The results of this meta-analysis showed that there was no statistical significance in the postoperative vertebral body posterior convexity Cobb angle (≤1 week, 3–6 months) and relative vertebral body anterior margin height (≤1 week, 6–12 months). It indicates that PMMA bone cement modified by MC has both the properties of PMMA bone cement, which can effectively maintain the height of the injured vertebrae and maintain body posture without shortening the use time of the cement.
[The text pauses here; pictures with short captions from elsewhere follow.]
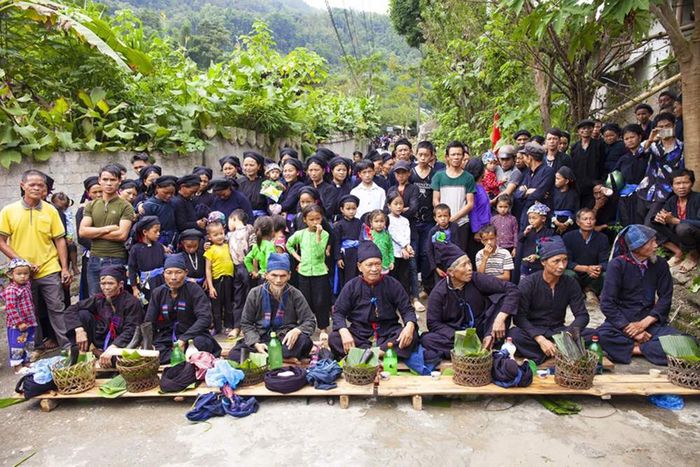 Đánh giá Bản Phùng - Bức tranh về thiên nhiên và con người La Chí 8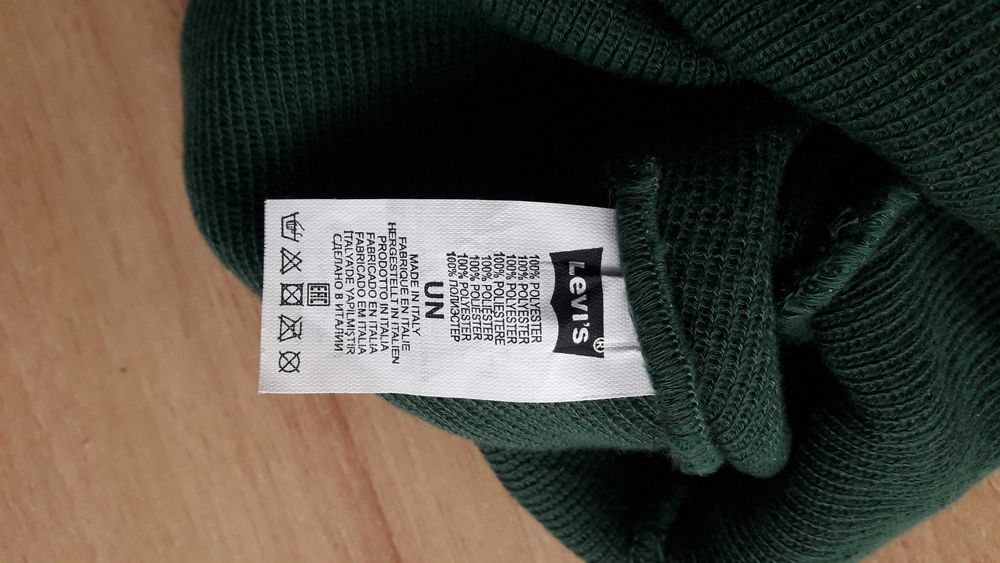 Шапка LEVIS Wordmark beanie  италия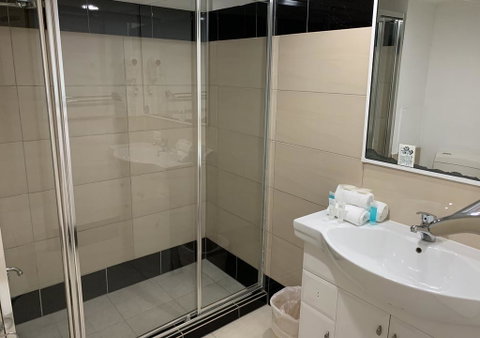 Outrigger Burleigh - Brisbane Tourism 3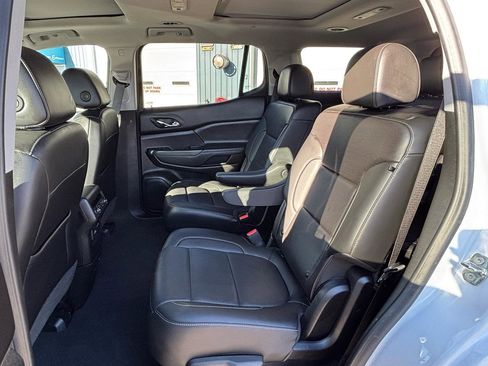 Used 2023 GMC Acadia SLT w/ Elevation Edition image 17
And there is no statistical significance between the two groups of filling materials in terms of the operation time, intraoperative bleeding, cement filling time, and hospitalization time, then it can be shown that the modification of PMMA by the addition of MC can be sufficiently mixed between the two, which has little effect on the injectability and maneuverability of the original PMMA bone cement, and therefore does not increase the additional surgical burden and intraoperative injuries so that the MC-PMMA bone cement has a practical clinical application.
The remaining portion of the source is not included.